The cardinal veins make their appearance before the close of stage K, and very soon unite behind with the unpaired section of the caudal vein (Pl. 11, fig. 9b, p.cav. and v.). On this junction being effected retrogressive changes take place in the original subintestinal vessel. It breaks up in front into a number of smaller vessels; the lesser of the two branches connecting it round the cloaca with the caudal vein first vanishes (Pl. 11, fig. 9a, v), and then the larger; and the two cardinals are left as the sole forward continuations of the caudal vein. This latter then becomes prolonged forwards, and the two posterior cardinals open into it some little distance in front of the hind end of the kidneys. By these changes and by the disappearance of the postanal section of the gut the caudal vein is made to appear as a superintestinal and not a subintestinal vessel, and as the direct posterior continuation of the cardinal veins. Embryology proves however that the caudal vein is a true subintestinal vessel[320], and that its connection with the cardinals is entirely secondary.
The invariably late appearance of the cardinal veins in the embryo and their absence in Amphioxus leads me to regard them as additions to the circulatory system which appeared in the Vertebrata themselves, and were not inherited from their ancestors. It would no doubt be easy to point to vessels in existing Annelids which might be regarded as their equivalent, but to do so would be in my opinion to follow an entirely false morphological scent.

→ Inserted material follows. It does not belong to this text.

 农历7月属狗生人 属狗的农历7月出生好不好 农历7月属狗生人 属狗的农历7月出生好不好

The circulation of the yolk-sack.
The observations recorded on this subject are so far as I am acquainted with them very imperfect, and in most cases the arteries and veins appear to have been transposed.
Professor Wyman[321], however, gives a short description of the circulation in Raja Batis, in which he rightly identifies the arteries, though he regards the arterial ring which surrounds the vascular area as equivalent to the venous sinus terminalis of the Bird.

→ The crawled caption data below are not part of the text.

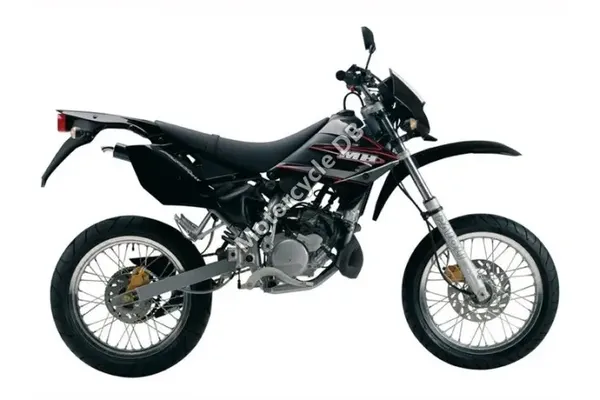 2007 Motorhispania Furia Max 50 Supermotard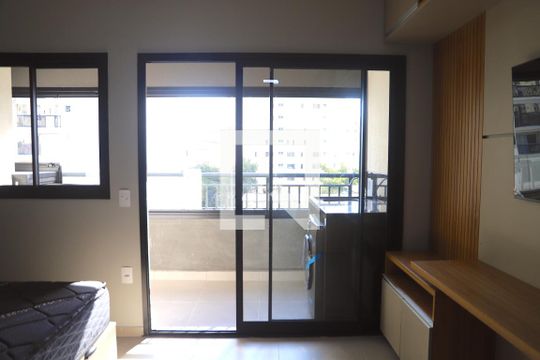 Studio de kitnet/studio para alugar com 0 quarto, 32m² em Mirandópolis, São Paulo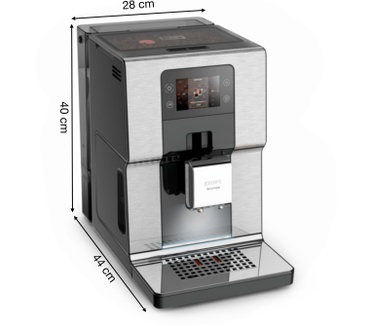 Krups Intuition Experience volautomatische espressomachine EA876D
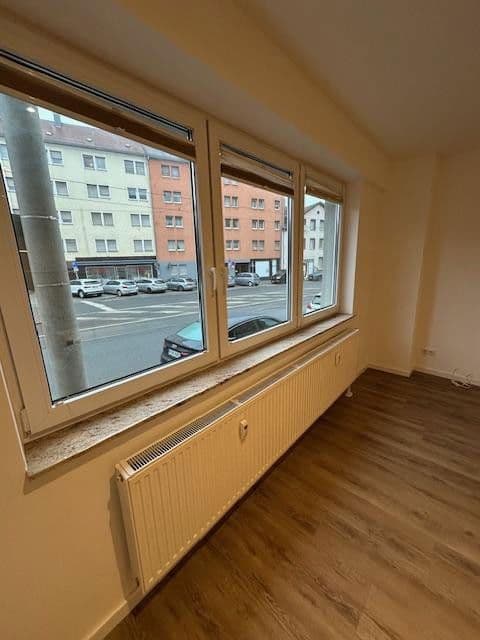 Pronájem bytu 2+1 70 m², Forsthofstr. 1, Nürnberg, Bavorsko Pronájem bytu 2+1 70 m², Forsthofstr. 1, Nürnberg, Bavorsko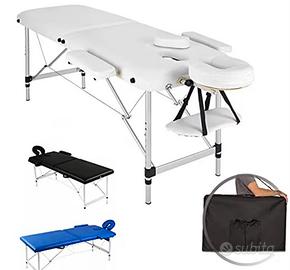 Lettino massaggi/tattoo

The general features of the circulation are clearly portrayed in the somewhat diagrammatic figures on Pl. 9, in which the arteries are represented red, and the veins blue[322].
I shall follow the figures on this plate in my descriptions.
Fig. 1 represents my earliest stage of the circulation of the yolk-sack. At this stage there is visible a single aortic trunk passing forwards from the embryo and dividing into two branches. No venous trunk could be detected with the simple microscope, but probably venous channels were present in the thickened edge of the blastoderm.